WHAT TO PRODUCE: Nothing but the lines from the one with "FURLA（フルラ）の古着「OPPORTUNITY MINI TOTE" through the end of the listing should be reproduced, each exactly and with pictures omitted.
-- INFORMATION PROVIDED follows --
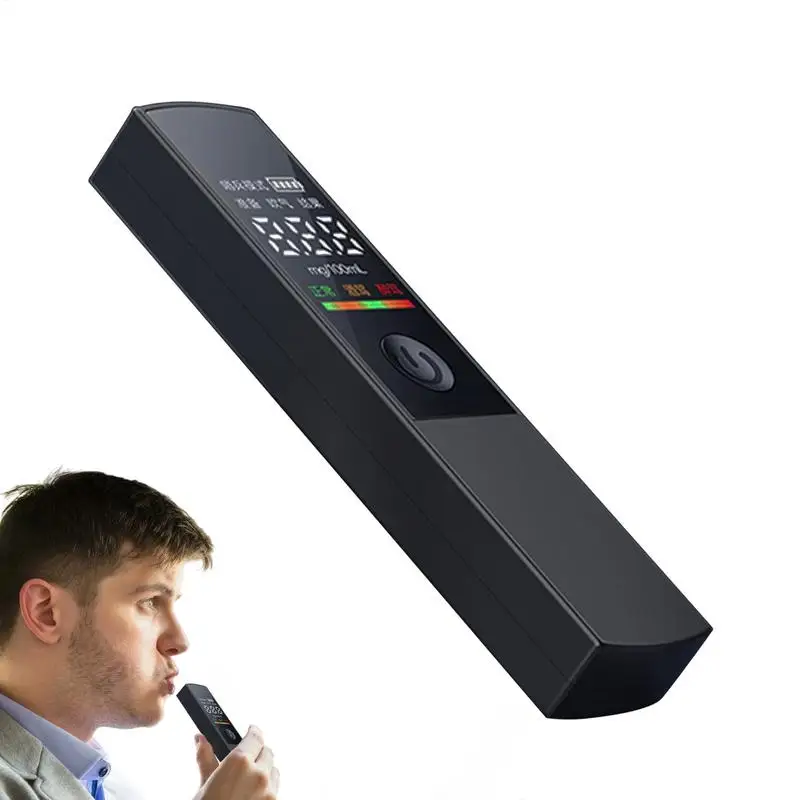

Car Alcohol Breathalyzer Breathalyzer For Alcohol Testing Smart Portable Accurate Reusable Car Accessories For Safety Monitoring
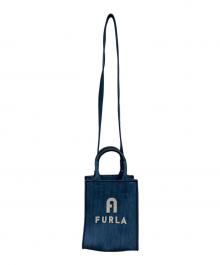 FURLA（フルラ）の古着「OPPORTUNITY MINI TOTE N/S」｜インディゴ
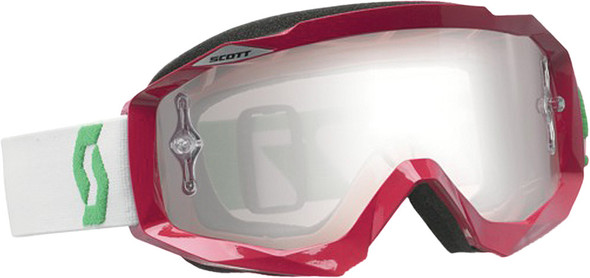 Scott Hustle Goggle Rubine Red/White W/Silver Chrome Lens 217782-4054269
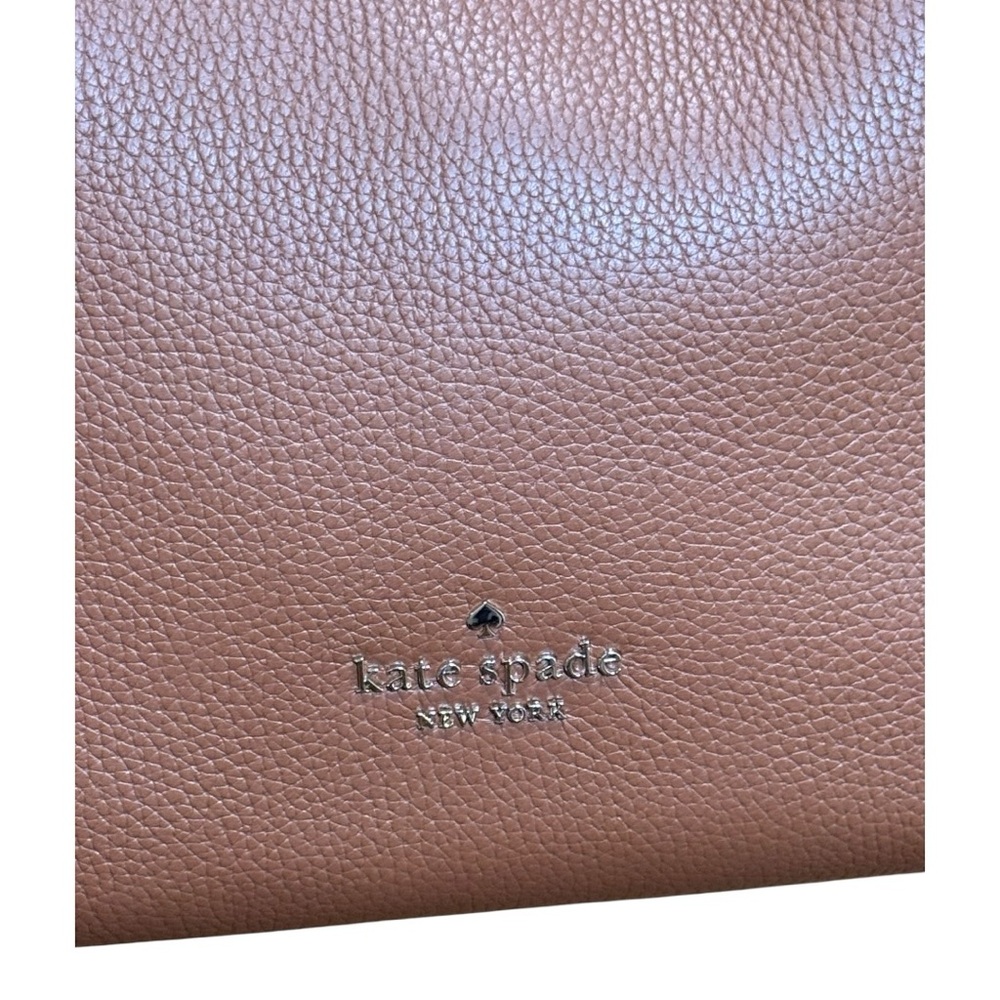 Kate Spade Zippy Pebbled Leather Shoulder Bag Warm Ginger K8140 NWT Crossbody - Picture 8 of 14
-- INFORMATION PROVIDED concluded --
REPLY TO THE EXERCISE:
 FURLA（フルラ）の古着「OPPORTUNITY MINI TOTE N/S」｜インディゴ
 Scott Hustle Goggle Rubine Red/White W/Silver Chrome Lens 217782-4054269
 Kate Spade Zippy Pebbled Leather Shoulder Bag Warm Ginger K8140 NWT Crossbody - Picture 8 of 14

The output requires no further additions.